1960 ihtilali öncesi seçime gidilecekken İsmet İnönü’nün, "Şartlar olgunlaştığında ihtilal meşru bir hak olur" sözlerini hatırlatan Davutoğlu, şöyle devam etti:
"Şimdi aynı çizgide Kılıçdaroğlu ’direnin’ diyor. Sayın Kılıçdaroğlu, geçen Pazar günü Kadıköy’de gösteri yapıldı. Değişik dernekler hükümeti de eleştirdiler, tek bir müdahale oldu mu? Barışçıl gösteriye müdahale edilmez. Oldu mu, her türlü eleştiri haklarını kullandılar, sen de kullan. Ama molotof kokteyli alıp da sokağa çıkacak olanların önüne geçeceksen, sen siyasetçi olmaktan çıkarsın provokatör olursun. Kadıköy’de toplandılar, gösterilerini yaptılar, hükümetimizi de eleştirdiler, hiçbir çatışma olmadı. Barışçıl gösteri yapmak herkesin hakkıdır. O hakkı kullanmak da bizim teminatımız altındadır. Ama insanları direnmeye çağırırsan bir, bu direnme talimatını Türkiye’den değil de Pensilvanya’dan alırsan, iki biz hesabını sorarız arkadaş. Bu ülke bu düzeni kolay ihdas etmedi. Kılıçdaroğlu, yüce Meclis’in kürsüsünde konuşuyor. Aynı saatlerde Pensilvanya’daki paralel yapının başı da New York Times’da makale yazıyor. Alın Kılıçdaroğlu’nun konuşmasın, alın o makaleyi yan yana koyun -zannederseniz tercüme edildi- çünkü arkada bir el ikisine aynı talimatı veriyor."

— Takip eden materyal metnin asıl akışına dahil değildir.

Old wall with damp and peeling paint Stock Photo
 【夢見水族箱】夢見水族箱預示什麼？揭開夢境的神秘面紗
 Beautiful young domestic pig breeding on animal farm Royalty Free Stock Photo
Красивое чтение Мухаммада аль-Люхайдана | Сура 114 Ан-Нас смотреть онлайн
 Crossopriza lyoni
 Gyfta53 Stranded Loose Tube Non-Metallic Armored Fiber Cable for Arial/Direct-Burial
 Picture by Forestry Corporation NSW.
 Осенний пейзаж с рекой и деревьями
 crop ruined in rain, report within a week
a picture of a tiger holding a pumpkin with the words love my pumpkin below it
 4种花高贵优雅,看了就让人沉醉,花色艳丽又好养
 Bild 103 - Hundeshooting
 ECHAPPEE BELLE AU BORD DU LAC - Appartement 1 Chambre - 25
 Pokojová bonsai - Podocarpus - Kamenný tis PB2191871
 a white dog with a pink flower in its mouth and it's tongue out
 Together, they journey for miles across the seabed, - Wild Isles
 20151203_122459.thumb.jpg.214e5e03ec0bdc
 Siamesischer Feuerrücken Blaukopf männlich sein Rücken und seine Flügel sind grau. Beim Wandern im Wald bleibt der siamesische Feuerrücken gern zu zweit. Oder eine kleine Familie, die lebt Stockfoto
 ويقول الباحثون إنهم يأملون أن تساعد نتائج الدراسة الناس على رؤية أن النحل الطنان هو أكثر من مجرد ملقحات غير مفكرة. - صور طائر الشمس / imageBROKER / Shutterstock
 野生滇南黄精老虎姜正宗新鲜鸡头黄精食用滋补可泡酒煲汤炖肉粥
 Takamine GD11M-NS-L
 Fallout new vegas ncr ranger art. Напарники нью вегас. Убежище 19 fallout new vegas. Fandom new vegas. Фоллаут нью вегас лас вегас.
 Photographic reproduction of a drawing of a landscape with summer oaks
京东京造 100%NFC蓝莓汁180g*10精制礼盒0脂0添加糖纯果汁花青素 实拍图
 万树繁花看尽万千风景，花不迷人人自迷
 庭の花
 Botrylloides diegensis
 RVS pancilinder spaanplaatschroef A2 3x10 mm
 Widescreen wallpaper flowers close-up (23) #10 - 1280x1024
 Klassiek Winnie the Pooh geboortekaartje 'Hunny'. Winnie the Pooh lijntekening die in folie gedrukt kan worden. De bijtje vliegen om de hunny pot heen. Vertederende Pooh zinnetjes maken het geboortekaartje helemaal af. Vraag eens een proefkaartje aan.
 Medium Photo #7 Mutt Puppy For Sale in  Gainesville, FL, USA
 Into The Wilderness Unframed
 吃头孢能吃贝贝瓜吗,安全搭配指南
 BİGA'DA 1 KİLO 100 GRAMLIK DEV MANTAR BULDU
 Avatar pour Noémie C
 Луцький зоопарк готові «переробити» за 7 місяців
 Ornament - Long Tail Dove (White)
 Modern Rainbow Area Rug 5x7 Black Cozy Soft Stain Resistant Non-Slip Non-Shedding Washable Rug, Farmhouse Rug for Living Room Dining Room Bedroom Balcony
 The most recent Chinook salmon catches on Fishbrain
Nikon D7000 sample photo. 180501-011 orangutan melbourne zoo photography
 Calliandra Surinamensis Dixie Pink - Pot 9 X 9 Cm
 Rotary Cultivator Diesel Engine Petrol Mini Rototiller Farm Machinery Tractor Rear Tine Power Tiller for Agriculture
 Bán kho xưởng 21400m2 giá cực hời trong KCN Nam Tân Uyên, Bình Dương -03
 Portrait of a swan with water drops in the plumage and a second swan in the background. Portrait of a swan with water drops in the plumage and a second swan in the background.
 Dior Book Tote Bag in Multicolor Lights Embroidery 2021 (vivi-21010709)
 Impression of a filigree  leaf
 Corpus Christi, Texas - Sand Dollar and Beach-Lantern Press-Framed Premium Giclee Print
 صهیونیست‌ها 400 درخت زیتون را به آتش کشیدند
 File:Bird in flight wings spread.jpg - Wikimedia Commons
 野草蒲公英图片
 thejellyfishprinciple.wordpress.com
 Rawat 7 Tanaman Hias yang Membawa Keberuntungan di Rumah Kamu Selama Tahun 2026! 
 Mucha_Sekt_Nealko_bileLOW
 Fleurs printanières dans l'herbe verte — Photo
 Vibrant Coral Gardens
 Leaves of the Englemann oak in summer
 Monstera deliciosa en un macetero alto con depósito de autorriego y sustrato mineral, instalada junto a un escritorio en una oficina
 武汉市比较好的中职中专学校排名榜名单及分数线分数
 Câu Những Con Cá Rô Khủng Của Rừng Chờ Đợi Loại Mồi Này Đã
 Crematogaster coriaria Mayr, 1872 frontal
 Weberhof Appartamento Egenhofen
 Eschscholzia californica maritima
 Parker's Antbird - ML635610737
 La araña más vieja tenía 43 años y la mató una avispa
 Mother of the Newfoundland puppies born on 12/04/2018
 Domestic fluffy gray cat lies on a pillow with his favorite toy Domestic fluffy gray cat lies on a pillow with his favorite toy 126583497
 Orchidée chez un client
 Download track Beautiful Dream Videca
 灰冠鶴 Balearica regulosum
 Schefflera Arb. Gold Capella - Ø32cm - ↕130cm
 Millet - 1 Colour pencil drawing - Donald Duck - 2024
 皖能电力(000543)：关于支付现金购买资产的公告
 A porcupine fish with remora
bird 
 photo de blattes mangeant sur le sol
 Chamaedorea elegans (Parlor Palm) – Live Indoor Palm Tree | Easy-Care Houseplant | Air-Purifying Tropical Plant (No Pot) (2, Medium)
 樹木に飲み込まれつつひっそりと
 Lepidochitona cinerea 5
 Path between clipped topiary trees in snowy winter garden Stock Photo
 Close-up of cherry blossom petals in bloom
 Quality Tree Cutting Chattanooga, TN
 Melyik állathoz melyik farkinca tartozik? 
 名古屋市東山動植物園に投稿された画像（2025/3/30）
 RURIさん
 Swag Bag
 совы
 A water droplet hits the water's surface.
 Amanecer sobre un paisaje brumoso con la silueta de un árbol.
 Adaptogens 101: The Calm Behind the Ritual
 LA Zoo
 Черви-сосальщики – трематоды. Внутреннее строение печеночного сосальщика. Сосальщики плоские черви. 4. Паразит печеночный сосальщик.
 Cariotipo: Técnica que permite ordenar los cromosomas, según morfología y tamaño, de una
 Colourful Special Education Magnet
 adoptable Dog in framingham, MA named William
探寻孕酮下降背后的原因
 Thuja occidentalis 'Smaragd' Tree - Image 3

"PARTİNİZE SAHİP ÇIKIN, DIŞARIDAN YÖNLENDİRİLEN BU LİDERE SESİNİZİ YÜKSELTİN"
"Filistin işgal altındayken her türlü lobinin karşısında olmaya devam edeceğiz" diyen Davutoğlu, "Tam böyle kritik bir evreye girmişken 24 Nisan 100. yıl konusunda birçok lobi harekete geçmişken, New York Times’ta bu makaleyle bir işaret fişeği veriliyor. Bir taraftan Amerika’ya ’o lobileri hareket geçir, Türkiye’yi köşeye sıkıştır’ diyorlar diğer taraftan da Türkiye içine, Kılıçdaroğlu’na mesaj gönderiyorlar, Kılıçdaroğlu’da mesajı alıyor, aynı üslupla bu yüce Meclis’in kürsülerinde kullanıyor. Kılıçdaroğlu, bu sana yakışmaz, bir kere de kendin gibi ol. CHP’li yurtsever seçmenlere ve CHP üyelerine sesleniyorum. Partinize sahip çıkın. Bu dışarıdan yönlendirilen lidere ve onun ekibine karşı sesinizi yükseltin. Gerçek cumhuriyetçilik TBMM’ye konuşmaktır, halkla milletle konuşmaktır, Philadelphia ile paralel konuşmak değil. Artık her şeyin paraleli çıktı. Şimdi aynı gün içinde paralel makale, paralel grup konuşması yapılıyor. Mübarek olsun onlara bu paralelleri. Onlar paralelde gitmeye devam etsin. Biz sırat-ı müstakimdeyiz, doğru yolumuzdan bir milim dahi sapmayız" açıklamasında bulundu.